About this task =
Nothing but the text of the records belongs in your answer: repeat all of it exactly and leave out the images.

Image-caption web data =

============================================================

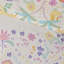 Mauve, simple, 3 pièces, floral réversible, édredon en coton, coussin rond, motif floral mauve à l'épreuve de la bourre, rembourrage lavable à la machine
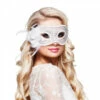 LOUP DAME BLANCHE (Masque En Dentelle) -FêteMagique Soldes 97529b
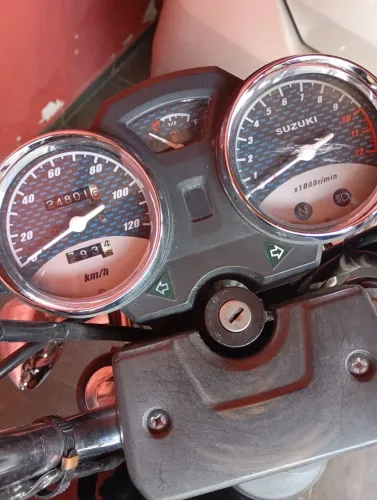 Primeiro dono,moto seme-nova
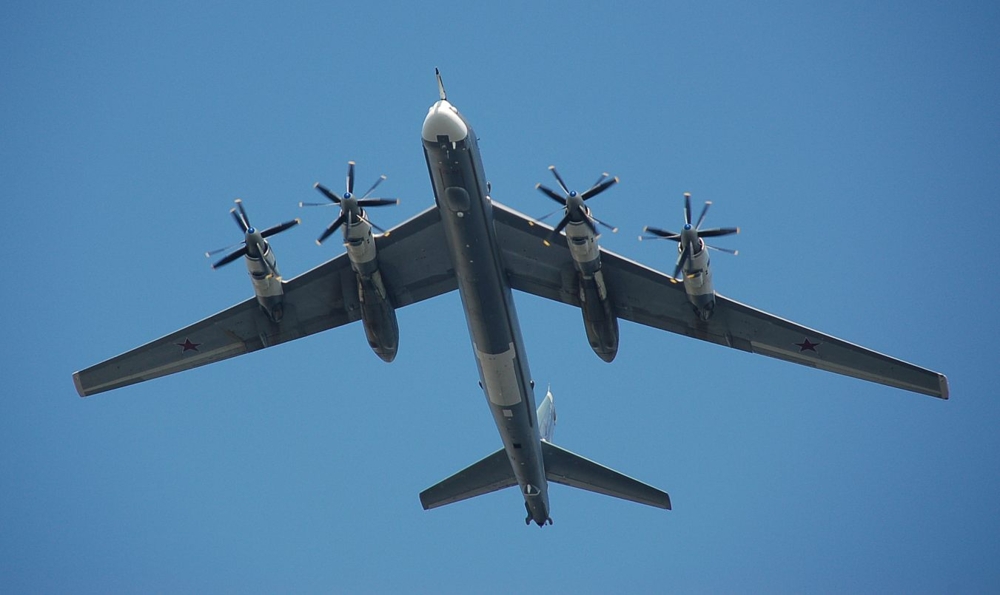 Полеты российской стратегической авиации у берегов США резко участились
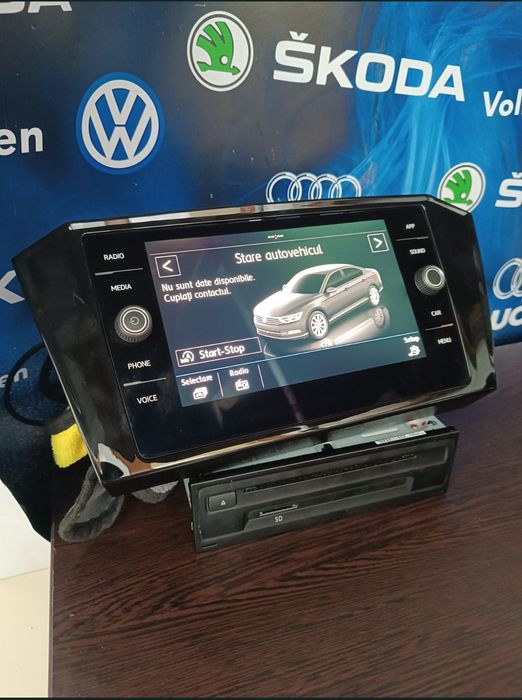Vând MIB2 CarPlay Android Auto MirrorLink Passat B8 montaj inclus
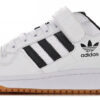 Adidas Forum Low “White/Black/Gum”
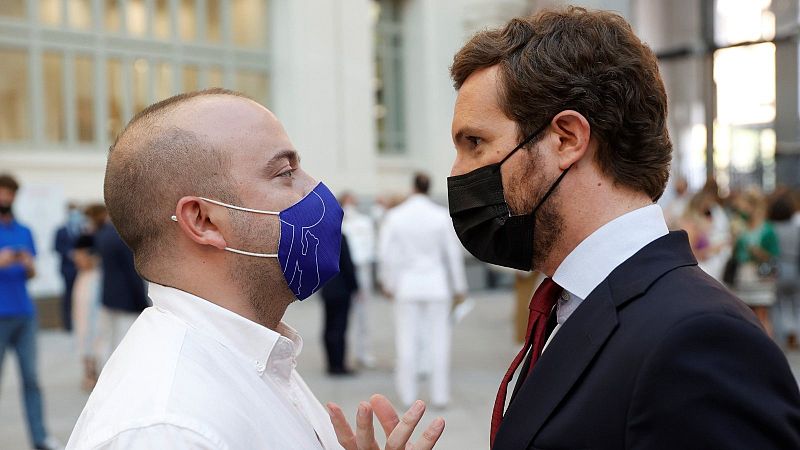 Carromero dimite de su cargo en el Ayuntamiento de Madrid tras el supuesto espionaje a Ayuso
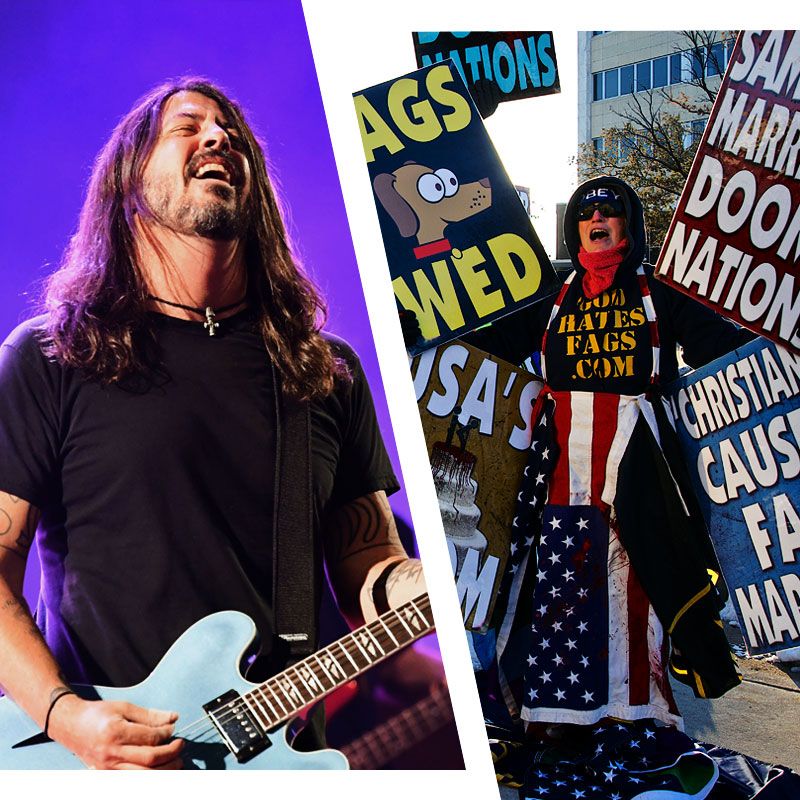 Foo Fighters Dave Grohl Trolls Westboro Baptist Church Watch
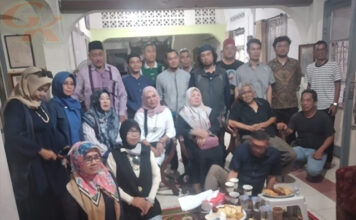 Vebri Al Lintani Ajak Warga Palembang dan Sumsel Bersatu Selamatkan Marwah Benteng Kuto Besak Benteng Kuto Besak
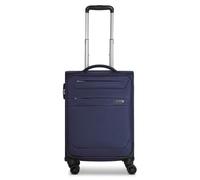 Worldpack Chicago 4 Rollen Kabinentrolley S 55 cm blau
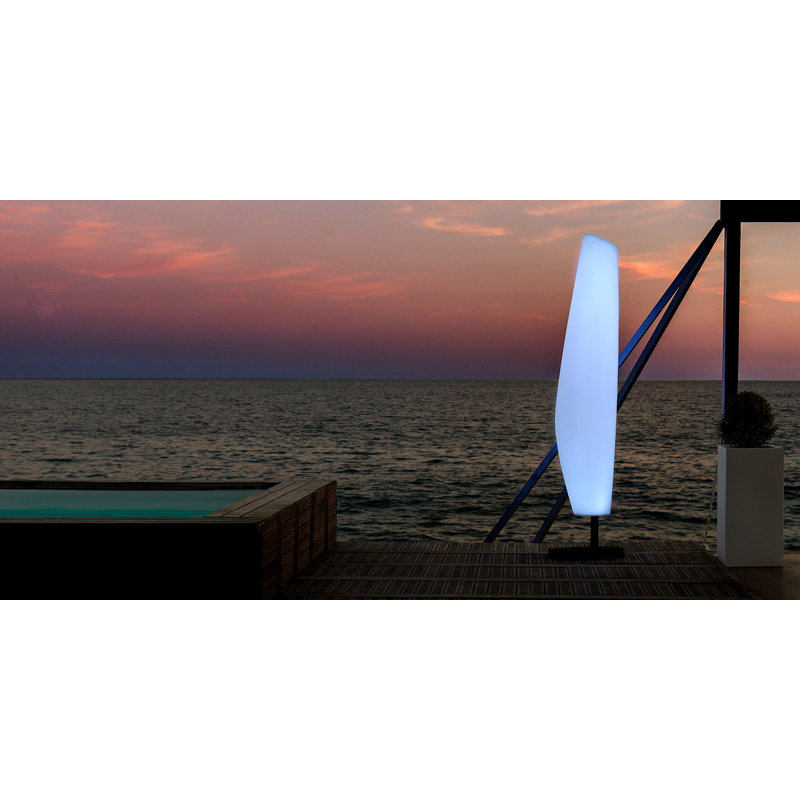 Noma 86.5" Plug-In LED Color Changing Outdoor Floor Lamp, Yes, Battery Powered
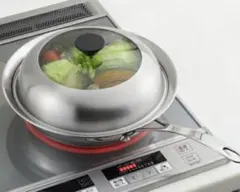 ヨシカワ　フライパン用蒸し器24〜26㎝　ガラス蓋付きのサムネイル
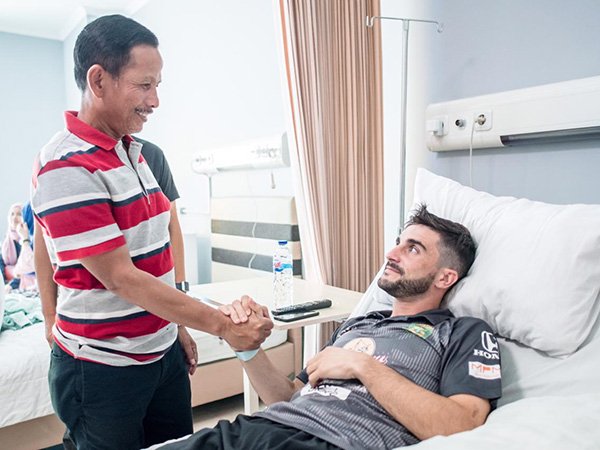 Persebaya Kehilangan Robertino Pugliara Sampai Akhir Musim
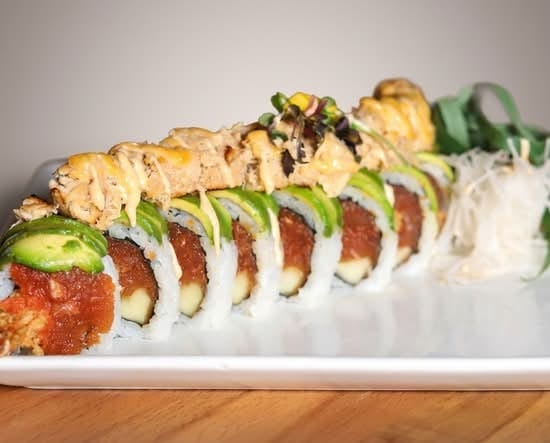Deep Blue Sea Roll.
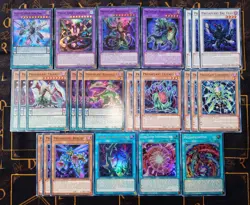 YUGIOH Predaplant Starter Deck /Set Starving Venom /Predaprimitive /Super Duper - Image 1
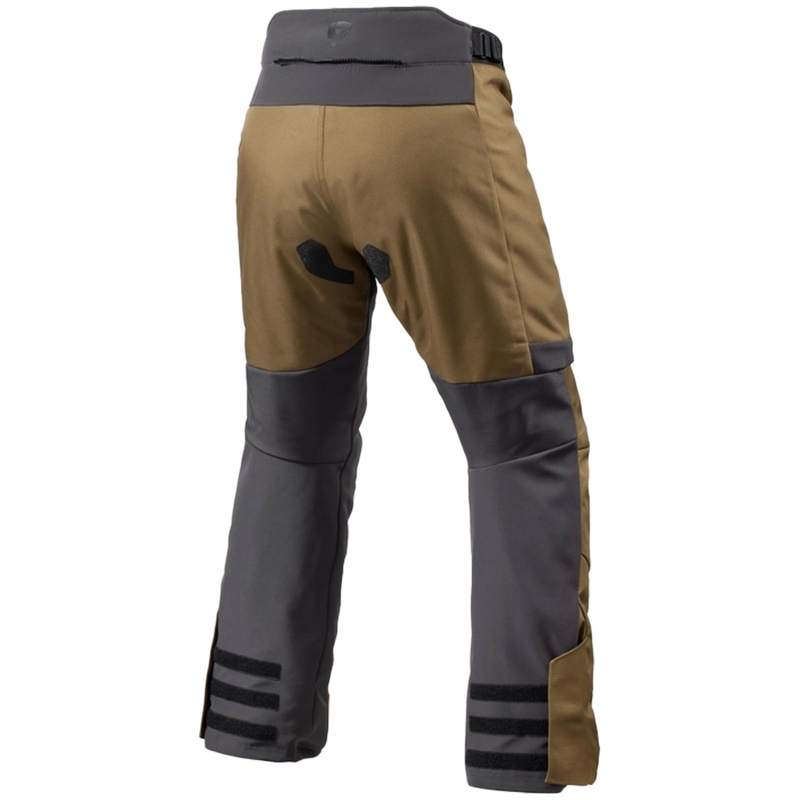 Pantaloni da moto Revit Potential GTX marrone-grigio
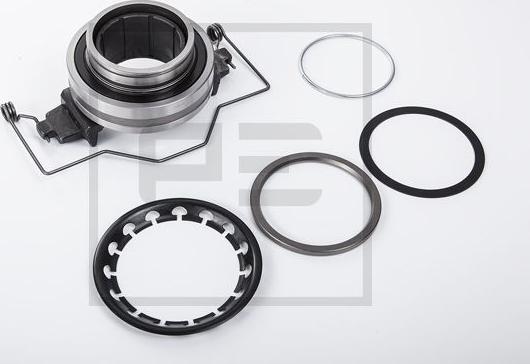PE Automotive 140.407-00A - Rulment de presiune aaoparts.ro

============================================================

Final answer =
 Mauve, simple, 3 pièces, floral réversible, édredon en coton, coussin rond, motif floral mauve à l'épreuve de la bourre, rembourrage lavable à la machine
 LOUP DAME BLANCHE (Masque En Dentelle) -FêteMagique Soldes 97529b
 Primeiro dono,moto seme-nova
 Полеты российской стратегической авиации у берегов США резко участились
Vând MIB2 CarPlay Android Auto MirrorLink Passat B8 montaj inclus
 Adidas Forum Low “White/Black/Gum”
 Carromero dimite de su cargo en el Ayuntamiento de Madrid tras el supuesto espionaje a Ayuso
 Foo Fighters Dave Grohl Trolls Westboro Baptist Church Watch
 Vebri Al Lintani Ajak Warga Palembang dan Sumsel Bersatu Selamatkan Marwah Benteng Kuto Besak Benteng Kuto Besak
 Worldpack Chicago 4 Rollen Kabinentrolley S 55 cm blau
 Noma 86.5" Plug-In LED Color Changing Outdoor Floor Lamp, Yes, Battery Powered
 ヨシカワ　フライパン用蒸し器24〜26㎝　ガラス蓋付きのサムネイル
 Persebaya Kehilangan Robertino Pugliara Sampai Akhir Musim
Deep Blue Sea Roll.
 YUGIOH Predaplant Starter Deck /Set Starving Venom /Predaprimitive /Super Duper - Image 1
 Pantaloni da moto Revit Potential GTX marrone-grigio
PE Automotive 140.407-00A - Rulment de presiune aaoparts.ro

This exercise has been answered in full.